### PROBLEM TO WORK ON
The line with "Budynek parlamentu - Zbiór", the line with "Parfem Why 70", and all lines between them in the material below: return these exactly, and no others.

== EXERCISE MATERIALS ==

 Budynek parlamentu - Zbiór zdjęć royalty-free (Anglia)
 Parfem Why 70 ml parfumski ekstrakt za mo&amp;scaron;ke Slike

===
== EXERCISE MATERIALS ==

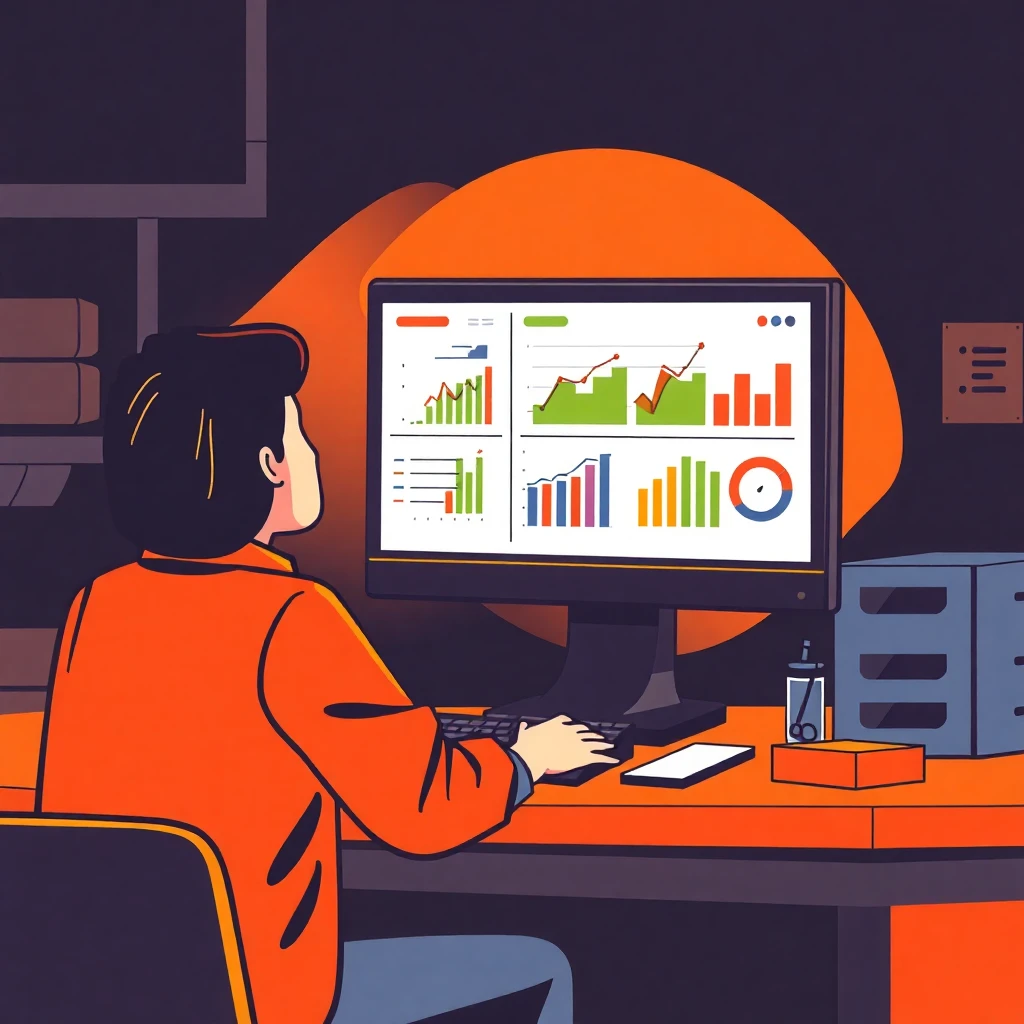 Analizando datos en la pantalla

===

### ANSWER TO THIS TASK
 Budynek parlamentu - Zbiór zdjęć royalty-free (Anglia)
 Parfem Why 70 ml parfumski ekstrakt za mo&amp;scaron;ke Slike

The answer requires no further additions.